> Work to be completed: Without the pictures, return each record as it appears.

> Data extract:
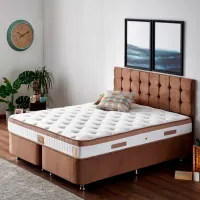 Pat Trendy Latte 180 x 200 cm / Oțel / Light Brown photo 2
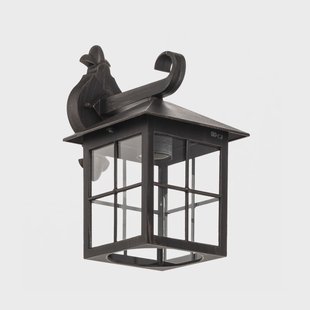 Ida buitenwandlamp, roestkleurig, 34 cm, lantaarn, E27 - Lindby - Balkon - Antiek - Aluminium - 1 lamp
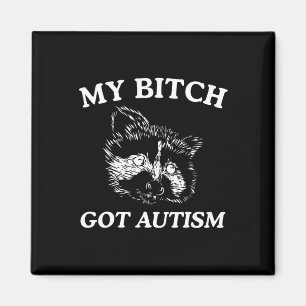 Min Har Autism Racoon Meme Sopor Panda Womens Mana Magnet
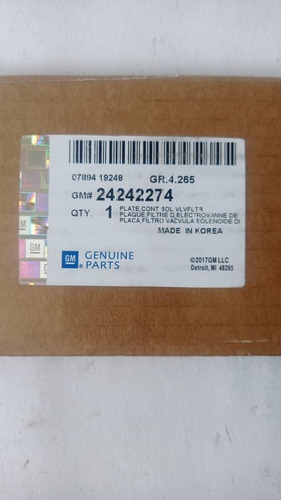 Filtro Modulo Tcm Empacadura Cruze Orlando Original Gm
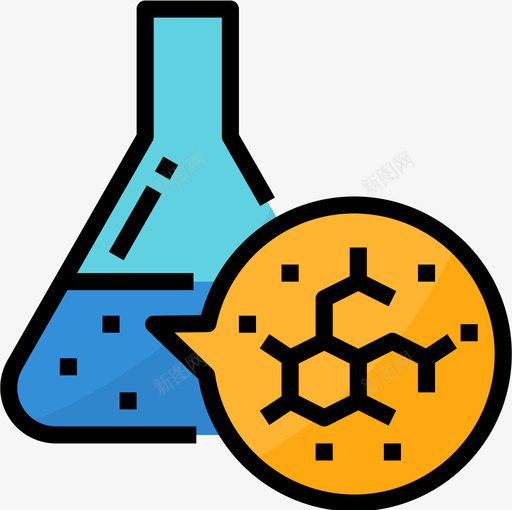化学科学107线性颜色图标svg_新图网 https://ixintu.com 化学 科学 线性 颜色
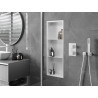 Mexen X-Wall-R вдлъбната лавица с яка и рафт 90 x 30 см, бяла - 1920903010S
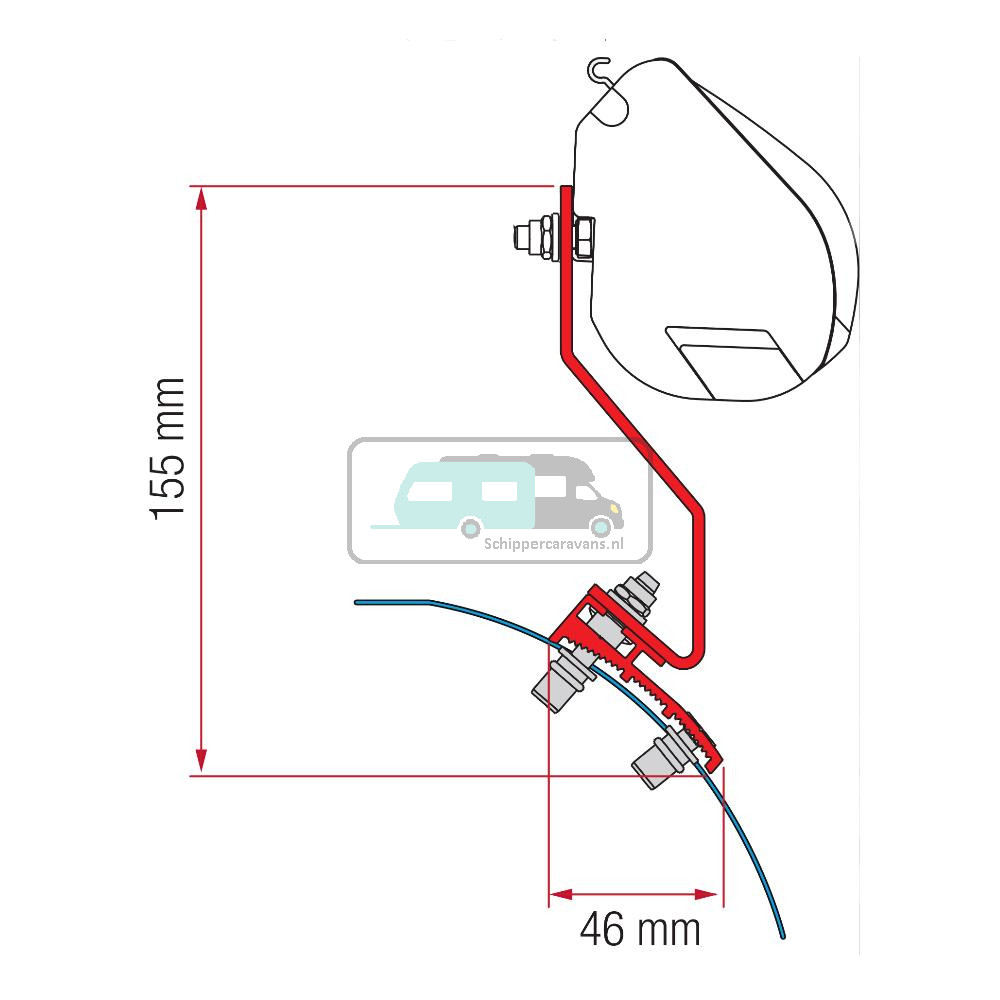 Fiamma VW Caddy Maxi Lift Roof Kit H1-L1 >2016 F35
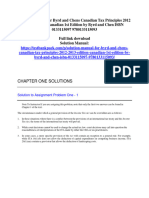 Solution Manual For Byrd and Chens Canadian Tax Principles 2012 2013 Edition Canadian 1st Edition by Byrd and Chen ISBN 0133115097 9780133115093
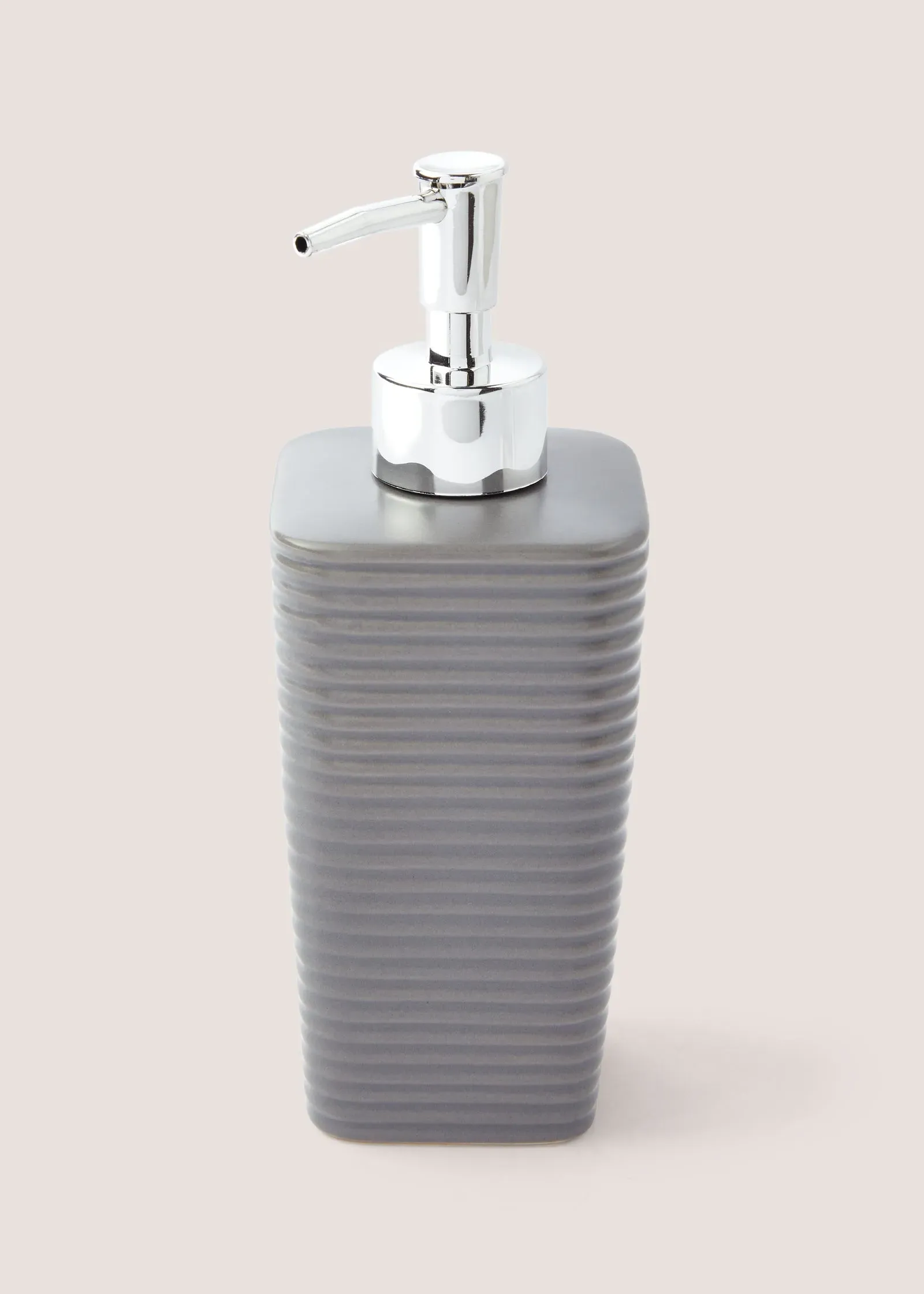 Ceramic Soap Dispenser with Pump - Grey, Ceramic product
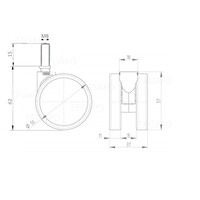 thumb-PPPU wiel 55mm bout M8x15mm-2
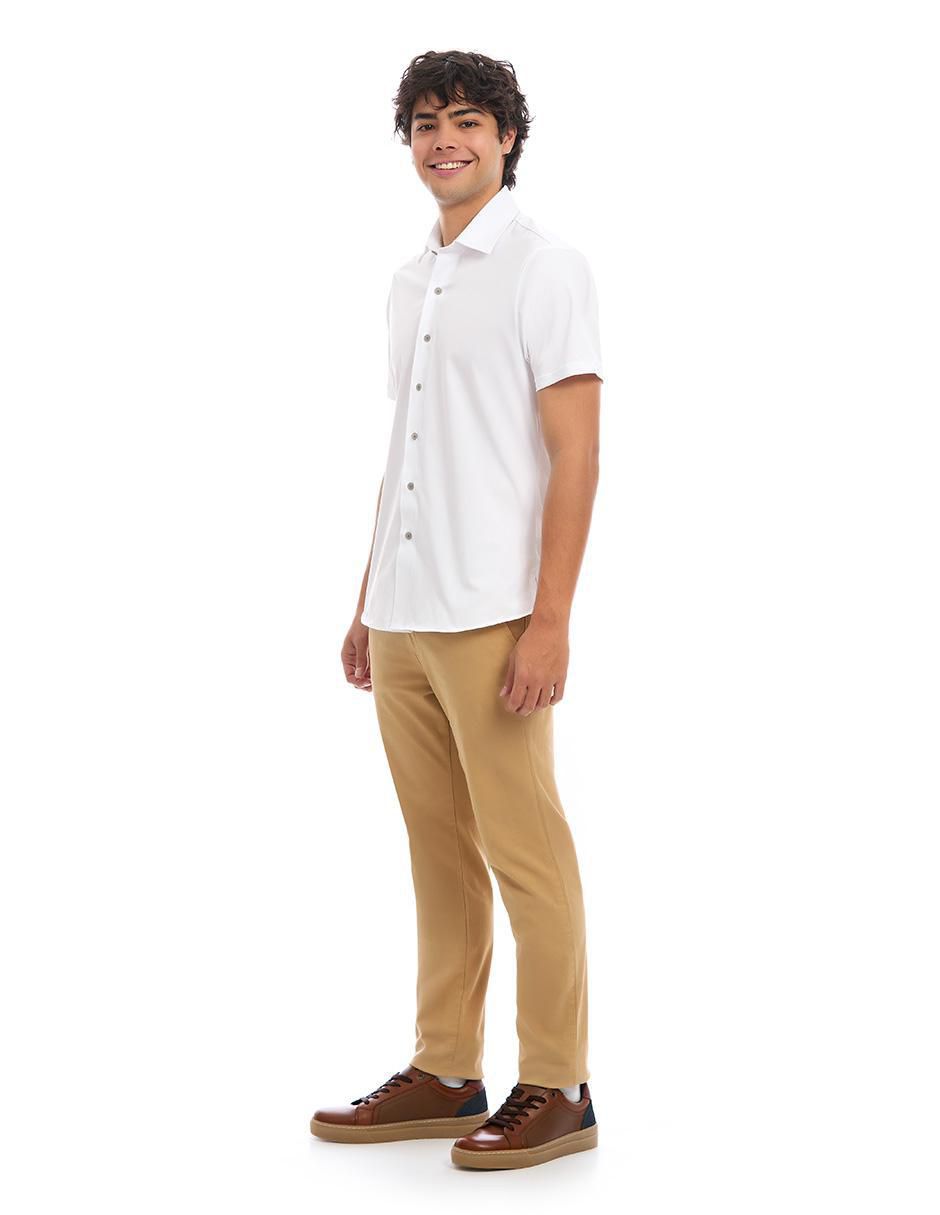 Camisa casual manga larga para hombre 5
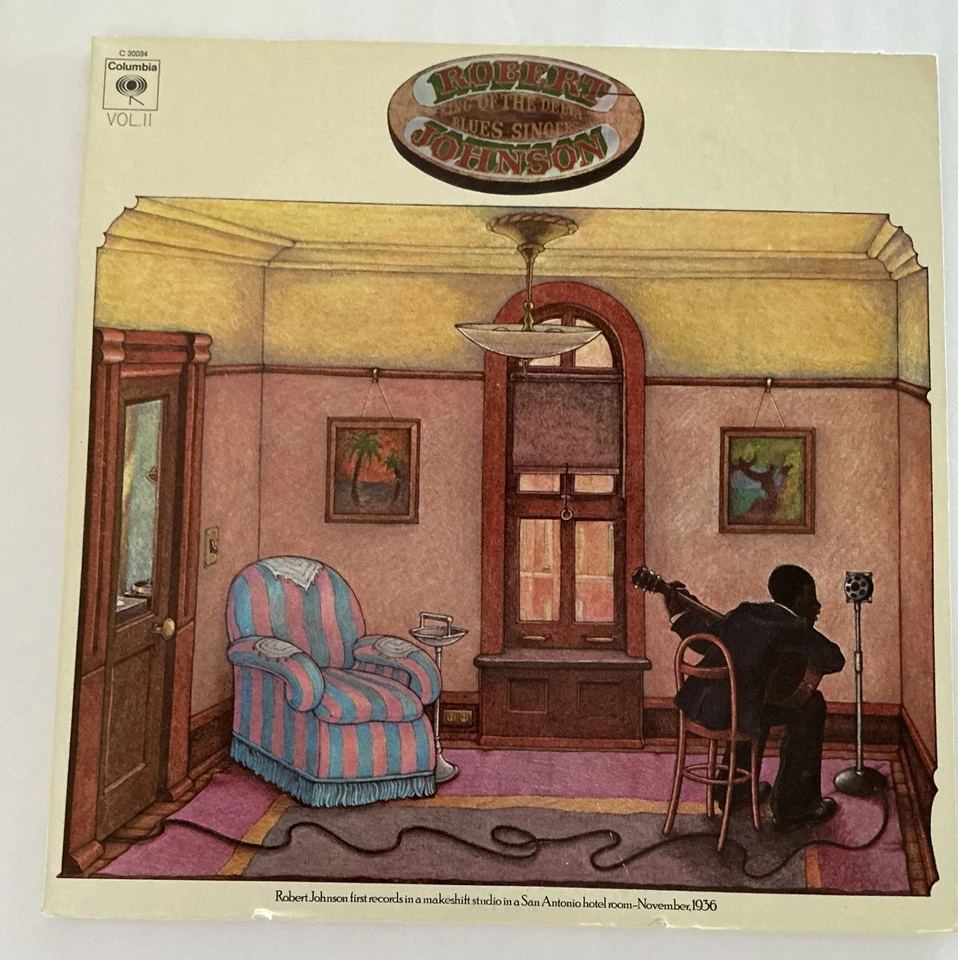 Robert Johnson - King of the Delta Blues Singers Vol.II-1st Press 1A/1B Mono - Image 1 of 4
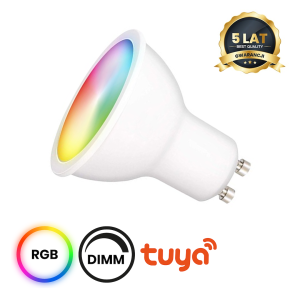 Żarówka LED Wi-FI GU10 5W Smart Tuya RGB+CCT+DIM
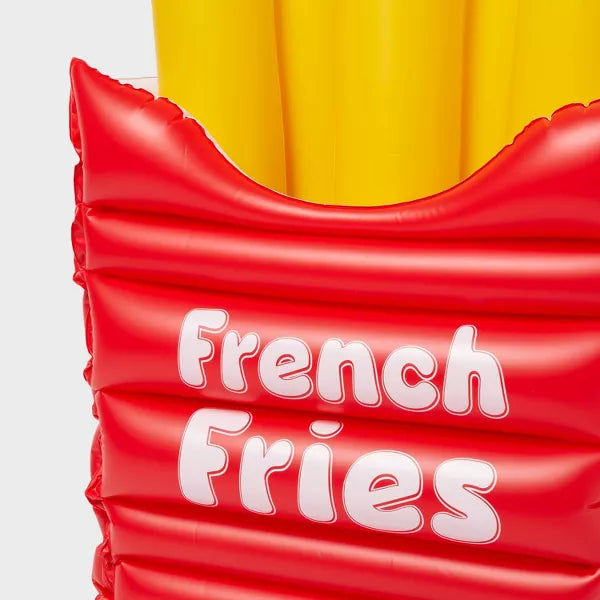 SUN SQUAD FRENCH FRY NOVELTY FLOAT - YELLOW/RED - Like New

> Exercise solution:
 Pat Trendy Latte 180 x 200 cm / Oțel / Light Brown photo 2
 Ida buitenwandlamp, roestkleurig, 34 cm, lantaarn, E27 - Lindby - Balkon - Antiek - Aluminium - 1 lamp
 Min Har Autism Racoon Meme Sopor Panda Womens Mana Magnet
 Filtro Modulo Tcm Empacadura Cruze Orlando Original Gm
化学科学107线性颜色图标svg_新图网 https://ixintu.com 化学 科学 线性 颜色
 Mexen X-Wall-R вдлъбната лавица с яка и рафт 90 x 30 см, бяла - 1920903010S
 Fiamma VW Caddy Maxi Lift Roof Kit H1-L1 >2016 F35
 Solution Manual For Byrd and Chens Canadian Tax Principles 2012 2013 Edition Canadian 1st Edition by Byrd and Chen ISBN 0133115097 9780133115093
 Ceramic Soap Dispenser with Pump - Grey, Ceramic product
 thumb-PPPU wiel 55mm bout M8x15mm-2
 Camisa casual manga larga para hombre 5
 Robert Johnson - King of the Delta Blues Singers Vol.II-1st Press 1A/1B Mono - Image 1 of 4
 Żarówka LED Wi-FI GU10 5W Smart Tuya RGB+CCT+DIM
 SUN SQUAD FRENCH FRY NOVELTY FLOAT - YELLOW/RED - Like New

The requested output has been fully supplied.